China scrambles for iron imports

Discussion in 'Metal Futures' started by ASusilovic, Jul 15, 2009.

  1. China’s steel industry has been hit with sharply higher spot prices for iron ore as mills scramble for imports ahead of expected import curbs linked to an inquiry involving spying charges against Rio Tinto, the Anglo-Australian miner.

    Steel Business Briefing, the consultancy in Shanghai, said this week’s surge in Indian iron ore prices, which have risen by as much as $8 a tonne to almost $90 a tonne, was triggered by supply constraints as Australian miners halt spot shipments to China, while Chinese mills rush to buy amid reports that as many as 20 iron ore import licences will be cancelled. “Some traders point to congestion at Indian ports for the increase. But most believe the key reason is that Rio and BHP Billiton have stopped putting spot shipments up for bid, with volume falling off since the start of July,” the consultancy wrote. It quoted one Shanghai-based trader as saying: “There’s almost nothing coming from Australia at the moment.” Mills are increasingly nervous about what Beijing says is an effort to crack down on corruption in the steel industry.

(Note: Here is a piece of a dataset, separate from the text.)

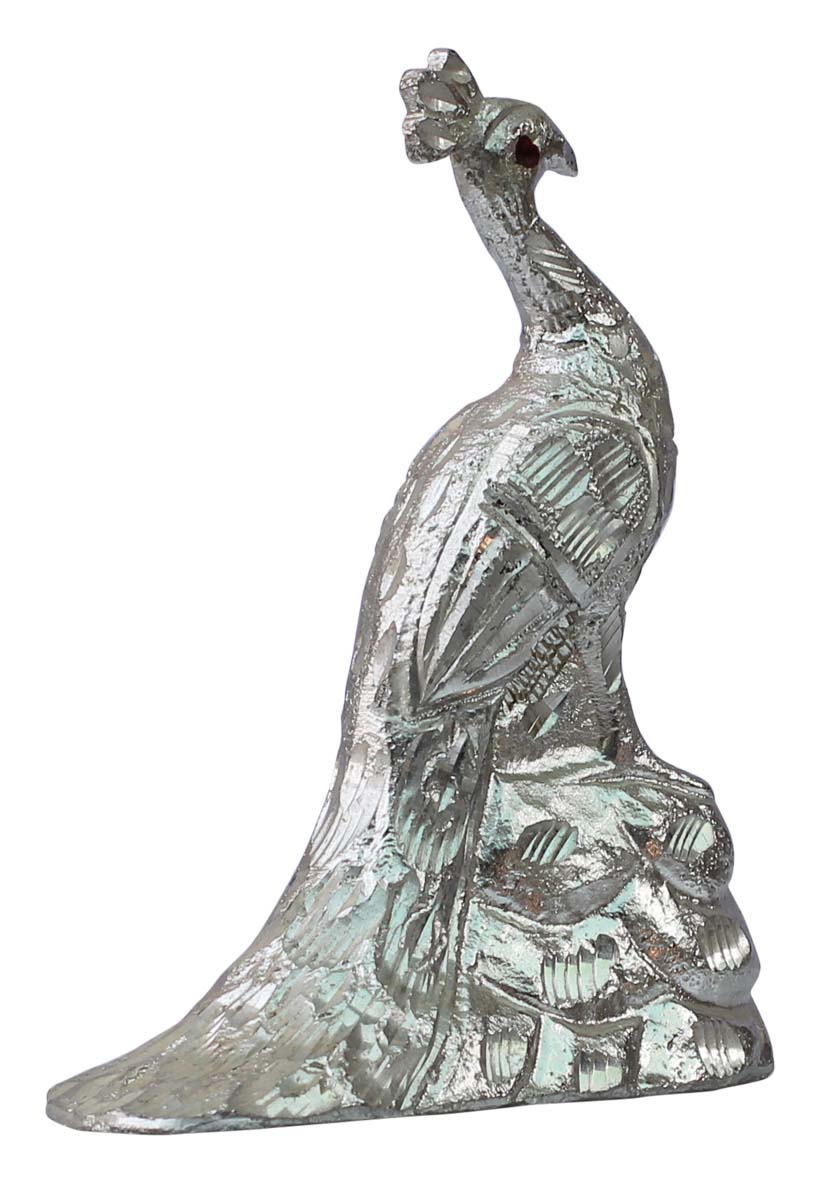Wholesale Handmade 5” Silver COlored Figurine / Sculpture of Peacock in Aluminum – Classy Gifts / Home Décor from India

    Somehow this stuff needs to be shipped to China, or ?

    Watch this :
  2. Keep your eye on DRYS, China possibly shifts its import from Rio Tinto to Brazil's Companhia Vale do Rio Doce. Rio is screwed this time, no matter how hysterically Australia can be this time. :D
  3. poyayan


  4. Illum


    Someone has been buying X. Everyday all day, twice on sunday. Wonder who it is?
  5. I think(speculate) Chinese can squeeze 36% to 39% cut, anything above 40% is very unlikely.

    The questions is who want to be the handler of US debts if Chinese unloads, I don't see any so far this year, only Chinese increased buying US debts, although most are short term.
  6. china is like a big monster eating up the whole world
  7. do they really need more ore??? Supply glut china!
  8. Chinese has a very outdated system to import iron ore, a group of importers were acting as iron ore producer agents in China, using public funds speculating iron ore price, to these groups of middle man, higher price will help their personal gains.

    Anyway, crackdown on these people in China is coming soon.
  9. subban


    The problem with DRYS is that the stock is overdilluted. How many stock offerings have they done to cover covenant debt?
  10. Using DRYS etfs as a index for shipping industry, more specifically, or 2nd index comparing with Baltic Dry Index, give you a better senses where is shipping cost heading.